**Work item**
Transcribe the lines below verbatim, skipping the images.

**Raw data**
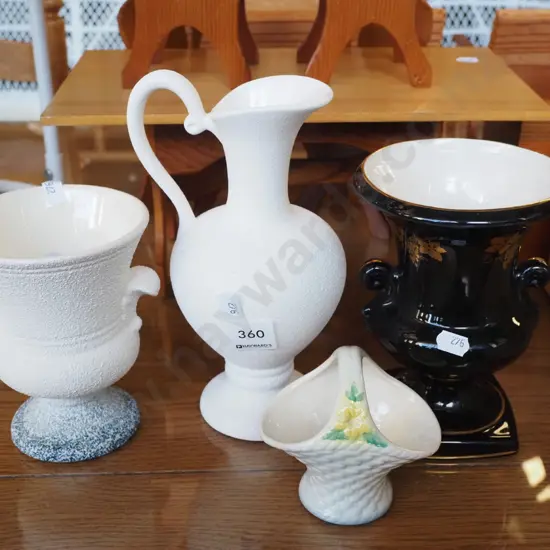 3x vases, small ceramic basket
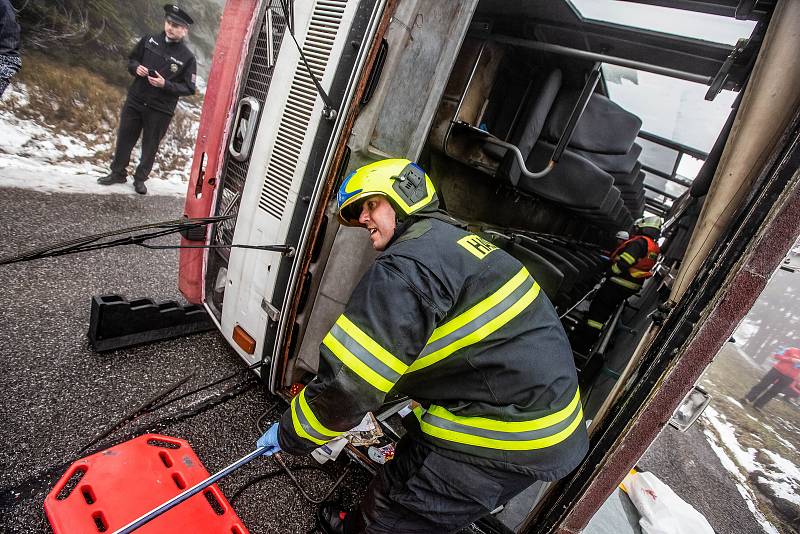 Cvičení složek IZS v Krkonoších - simulovaná nehoda autobusu.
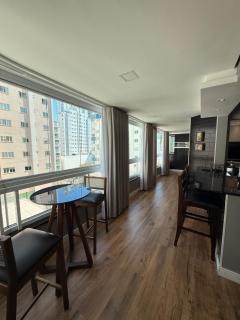 Aconchegante e próximo da Roda gigante, churrasqueira Privativa! - Balneário Camboriú - 9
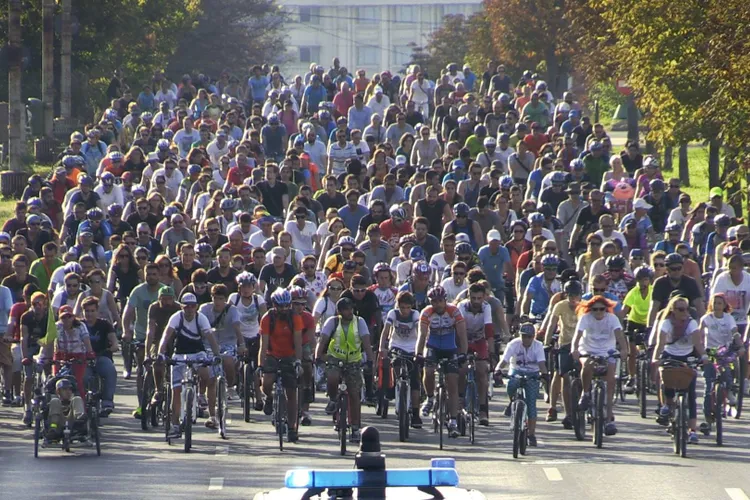 Implicare civică fără precedent în Capitală Foto: Comunitatea Bicicliștilor din Bucuresti/ Sergiu Brega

**Reply**
 3x vases, small ceramic basket
 Cvičení složek IZS v Krkonoších - simulovaná nehoda autobusu.
 Aconchegante e próximo da Roda gigante, churrasqueira Privativa! - Balneário Camboriú - 9
 Implicare civică fără precedent în Capitală Foto: Comunitatea Bicicliștilor din Bucuresti/ Sergiu Brega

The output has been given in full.